I’m paraphrasing but that was the gist of it. There was an uproar and the mag issued an apology.
But Dame Edna isn’t a person. She’s a caricature of a certain class of people with bad taste and a touch of hypocrisy to their morals that do look down on the help. Barry Humphries couldn’t hold the racist views that Dame Edna has; he wouldn’t be able to do the character so well if he did. Edna’s comments were a nod, a wink and a roll of the eyes from Humphries to the informed reader that makes fun of people who hold these racist views.
It’s satire, folks. It’s the mocking of a certain set of behaviours or beliefs by exaggerating them.
The current controversy over comedian Chris Lilley is similar. We all know by now that it’s a bad coincidence that one of his scenarios has had a bizarrely similar real-life parallel. But people still don’t seem to understand the concept of satire.

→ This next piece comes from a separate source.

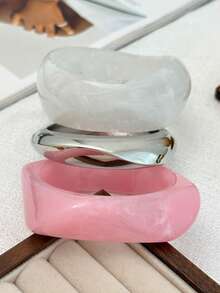 1pc/3pcs/Set Bohemian Geometric Arc Smooth Resin Cuff Bracelet, Luxurious Casual Party Women Couples Wedding Holiday Versatile Metal Jewelry Bracelet Gift (The Material And Color Of The Bracelet Are Subject To The Actual Product)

The article I’ve linked to, above, says:
Comedian Chris Lilley’s hit show Summer Heights High, which is centred on a fictional school, on Wednesday night poked fun at the ecstasy death of a blonde, teenage student named “Annabel”.
But this is wrong.
Neither Chris, nor the show, were poking fun at “the ecstasy death” of anyone. Chris, and the show, were poking fun at the insensitive attitudes that some people have towards tragedy (a fatal overdose in this case) and how some people will go to the most appalling lengths, exploiting community grief and ignoring taboo, to feed their own egos.
We all know someone with a big ego. They might not go the the lengths of Mr G to inflate it further but by taking the concept to the extreme to highlight the behaviour, Lilley invites us to draw our conclusions about that behaviour.
The irony of the Edna incident was that at the end of the reply, she says “If you’re American, try [learning] English”, which, I think is more insulting to Americans than the “help” reference was to Hispanics.